◆ Problem to work on
Among the entries below, only the lines from the one with "Inmigrantes en conventillo" through the one with "Maison - 760 m² - 22 pièces" are wanted, reproduced exactly. Pictures are not wanted.

◆ Records supplied
▼

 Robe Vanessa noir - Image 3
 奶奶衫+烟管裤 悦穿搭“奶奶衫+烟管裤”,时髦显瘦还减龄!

▲
▼

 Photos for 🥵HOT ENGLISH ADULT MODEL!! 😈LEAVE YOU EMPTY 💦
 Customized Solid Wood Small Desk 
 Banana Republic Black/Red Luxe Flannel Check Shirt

▲
▼

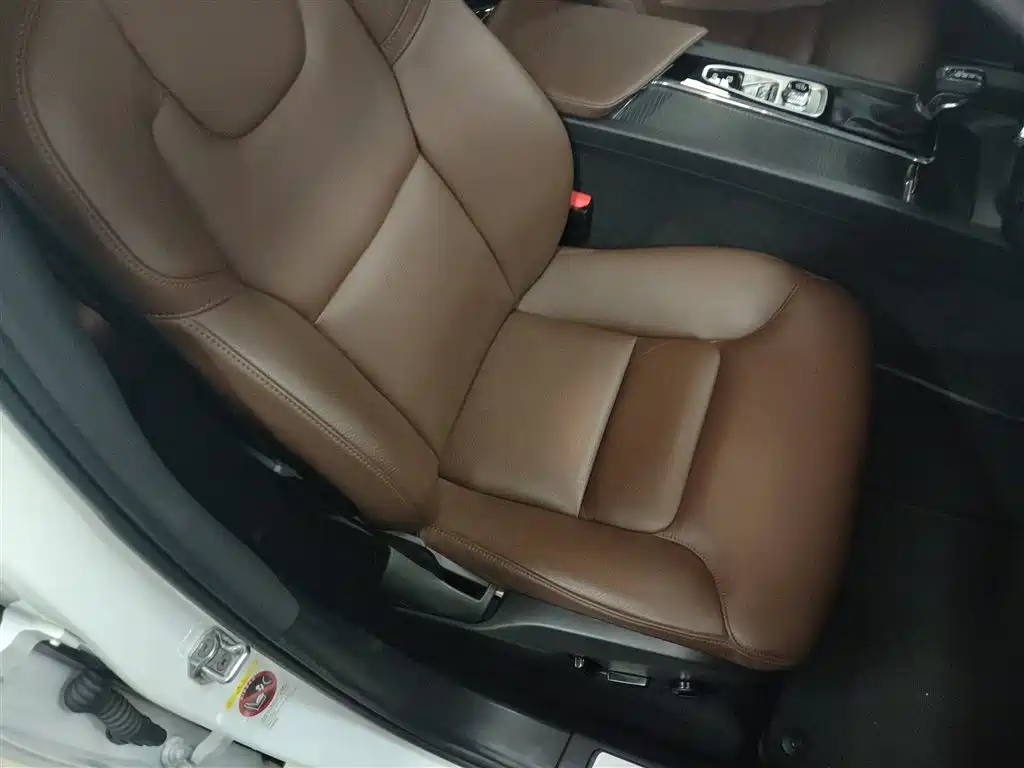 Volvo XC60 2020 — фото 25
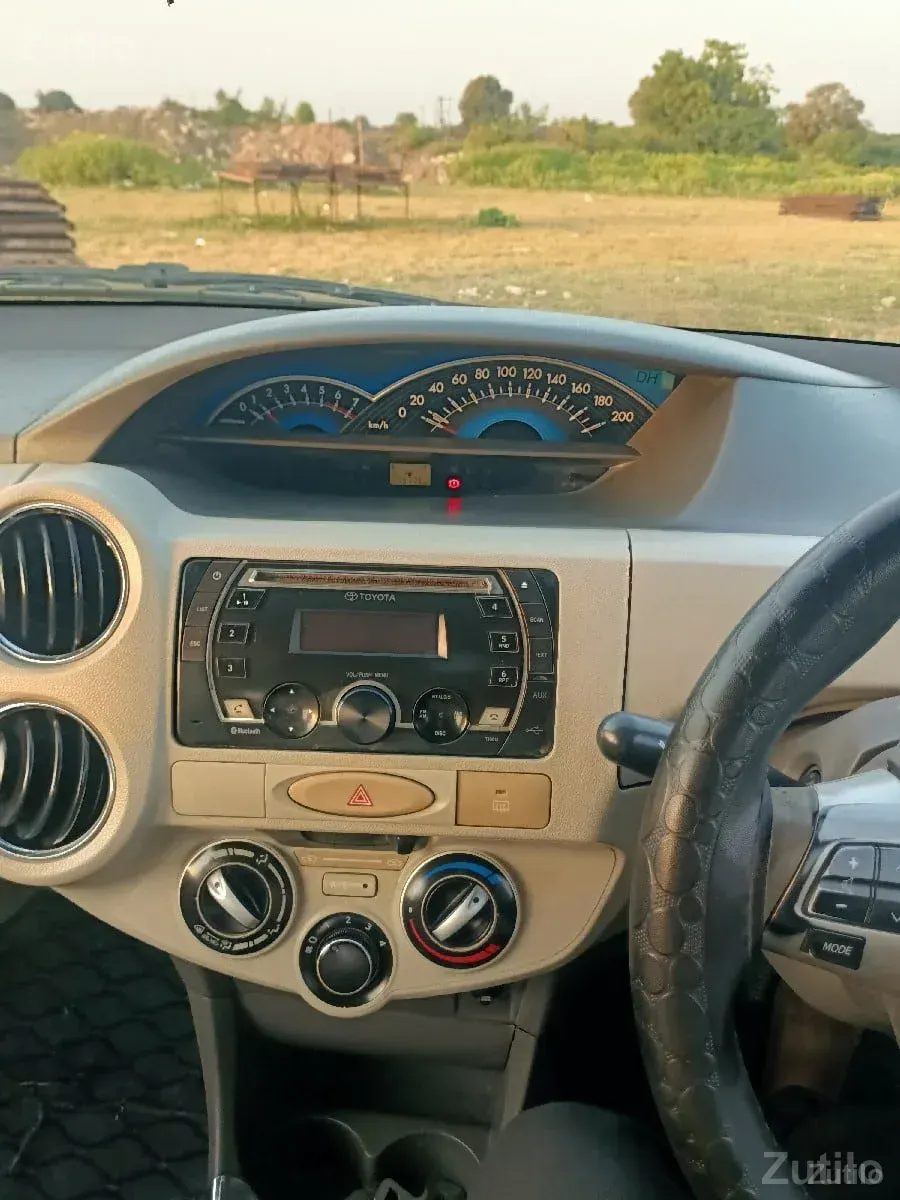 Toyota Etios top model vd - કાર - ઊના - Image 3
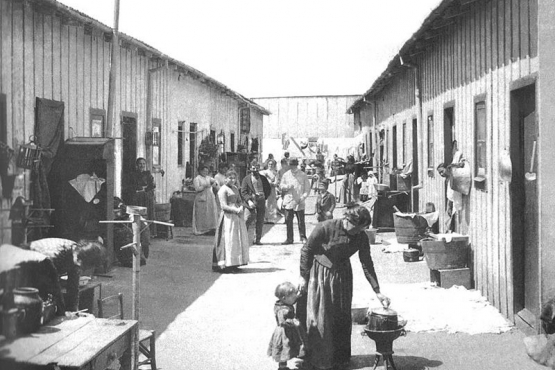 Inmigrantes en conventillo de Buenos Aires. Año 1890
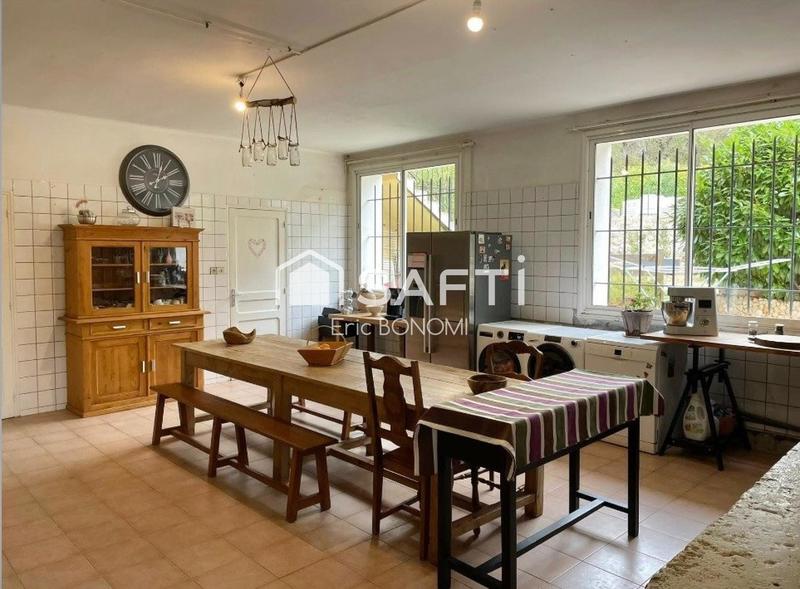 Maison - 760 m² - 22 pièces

▲

◆ Result for this exercise
 Inmigrantes en conventillo de Buenos Aires. Año 1890
 Maison - 760 m² - 22 pièces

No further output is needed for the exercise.